The knight travels for one year meeting many women and seeking what it is that women want. He receives many answers
from many women. Some women want pleasure, some want to be flattered, and some want wealth. Finally the knight
meets an old hag who reminds him that old women are wise and she would help him save his life under her conditions.
She will provide the answer he is seeking as long as he marries her. The knight agrees to the deal. The hag explains that
women want to be treated fairly and with respect. They want to be loved and not to be some man’s servant. Women want
sovereignty passed into their hands. The knight then passes this answer onto the King and Queen. He is spared his life
and goes home to his ugly wife. He finally confesses that he thinks she is old, ugly, and repulsive. After she gives him a
lecture on the difference beauty makes in a person she changes herself into a beautiful young maiden. The two of them
end up living “happily ever after.”
I think I have a little trouble understanding why the Queen was so generous in her finding justice for the knight. The knight
starts off the tale committing a sin however, by the end of the tale he ends up “happily ever after” with his beautiful young
maiden. This tale goes along with the Wife of Bath’s prologue because she is an older, unattractive woman who is
attracted to young, handsome men. The relationship between the prologues and her tale go together because she is a
promiscuous women and she enjoys attractive people, mainly she enjoys attractive men. The knight was basically
rewarded for raping a woman which in the Wife of Bath’s mind may not have been such a bad thing because she is such
a sexual woman.
Question Four: Pope John Paul II, St. Jerome, and the Wife of Bath hold very different ideals of marriage and virginity.

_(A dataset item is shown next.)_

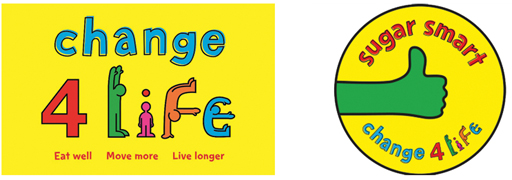 Two Change 4 life logos
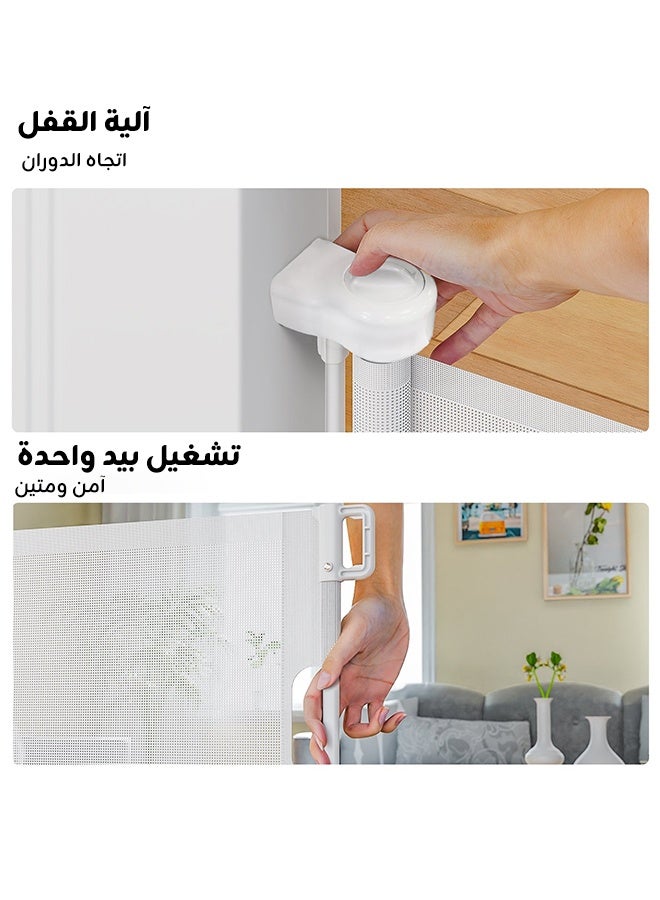 ريوليو بوابة أطفال قابلة للسحب من ، حاجز أمان شبكي للأطفال والحيوانات الأليفة، بوابة أمان عريضة بارتفاع 34 بوصة (86 سم) وعرض 59 بوصة (1.5 متر)، بوابة كلاب للحيوانات الأليفة مناسبة للأبواب والسلالم، للاستخدام الداخلي والخارجي (لون أبيض). - Image 4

Pope John Paul II states that it is not sinful to have sex after one has been married. He even believed that sex was
necessary and natural for reproduction. St. Jerome, on the other hand, was strict in his views of virginity. He thought
virginity was a sacred thing that should not be broken. He believed that even an impure thought was sinful. St. Jerome
stated that, “to show that virginity is natural while wedlock only follows guilt, what is born of wedlock is virgin flesh and it
gives back in fruit what in root it has lost.” (Line 19). St. Jerome did not even really approve of sex in marriage. He only
accepted it because wedlock brought new pure virgins to the world. St. Jerome would have been disgusted if he
encountered the Wife of Bath because her ideals contradicted everything St. Jerome believed in. The Wife of Bath holds
loose views on virginity. She enjoys sex and has always been a promiscuous woman. She was married five times and
was basically on the Pilgrimage to meet a man. The Wife of Bath believed that sex was natural because God gave us sex
organs. The Wife of Bath is the only of the three that believed sex should be pleasurable and necessary in life/marriage.
Question Six: The first thing I would like to discuss is from the General Prologue. I think it must have been very funny for
all the people on the Pilgrimage to encounter Prioress. The Prioress would have been funny because she was really a
very large woman who when she ate, was so precise that she never dropped a crumb or left a mark on her glass. The
Prioress was very proper but it was all in a fake matter. The way she talked, the way she ate, and her appearance must
have been hilarious for the other people. It’s just funny because she is supposed to be the head of the monastery and
really she does not do any of the practices that other nuns do. She has a material love and a fake compassion for others.
While she should have been reading scriptures of the Lord, she was instead learning French and trying to fit into her idea
of the aristocracy.
The second thing I want to mention is that I don’t agree with the way the knight and his beautiful young maiden lived
happily ever after. Here he raped a young girl and then was left unpunished with a beautiful wife. I just think it really shows
that men can easily get what they want even if they don’t deserve it. Men hold the sovereignty over women.